When it comes to dangerous cryptographic bugs on Windows, CryptoAPI is the gift that keeps on giving. The interface can be used by Win32 programs to manage security and cryptographic practices, like validating certificates or verifying identities. But CryptoAPI can also bring potentially critical security flaws to the aforementioned Windows platform, making identity and certificate spoofing easier.

According to Akamai Security analysts, that's exactly what happened with the vulnerability known as CVE-2022-34689. Disclosed by the US NSA and the UK National Cyber Security Center (NCSC), the "Windows CryptoAPI Spoofing Vulnerability" was patched by Microsoft in August 2022 but was publicly announced only in October 2022.

According to Redmond's security bulletin, CVE-2022-34689 can be exploited to spoof an attacker's true identity and perform actions "such as authentication or code signing as the targeted certificate."

As explained by Akamai, the gist of the issue is that CryptoAPI makes the assumption that "the certificate cache index key, which is MD5-based, is collision-free." MD5 has been known for being vulnerable to collision issues - two chunks of data which happen to have the very same MD5 hash - for a long time now, but old software versions using CryptoAPI are still vulnerable to the flaw.

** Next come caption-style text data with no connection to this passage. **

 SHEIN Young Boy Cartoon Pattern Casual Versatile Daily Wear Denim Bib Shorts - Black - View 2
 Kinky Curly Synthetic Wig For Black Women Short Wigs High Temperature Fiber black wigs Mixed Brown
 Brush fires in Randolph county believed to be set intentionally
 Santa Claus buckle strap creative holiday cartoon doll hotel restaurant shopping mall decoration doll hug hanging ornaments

CVE-2022-34689 can be exploited by cyber-criminals to digitally sign malicious executables and make them appear as they were coming from trusted and secure sources, or to create a TLS certificate that appears to belong to another (legit) organization and trick an application (ie a web browser) into trusting said malicious certificate. The bug was classified as "critical" and given a CVSS severity score of 7.5 out of 10, with Microsoft saying that exploitation was "most likely" albeit the bug couldn't be used for remote code execution.

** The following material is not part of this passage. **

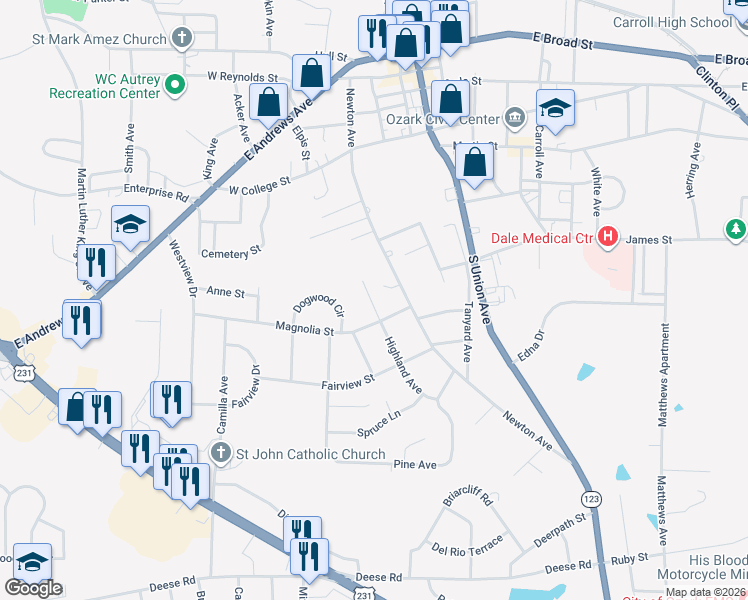 map of restaurants, bars, coffee shops, grocery stores, and more near 454 Highland Avenue in Ozark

Now Akamai has published proof-of-concept (PoC) code that shows how exploitation works, employing an old version of the Chrome web browser (v48) which uses CryptoAPI to check certificate legitimacy. With a man-in-the-middle attack, Akamai researchers were able to use a malicious certificate to break HTTPS security.

Akamai said that, besides Chrome 48, there are many other vulnerable targets "in the wild" which are still using the flawed CryptoAPI feature. The worst thing about CVE-2022-34689, however, is that the overwhelming majority of system administrators and professional users didn't care to install a patch which has been available for six months.

According to the security enterprise, "fewer than 1% of visible devices" in data centers are protected, which means that 99% of Windows-based servers visible to the Internet are vulnerable right now.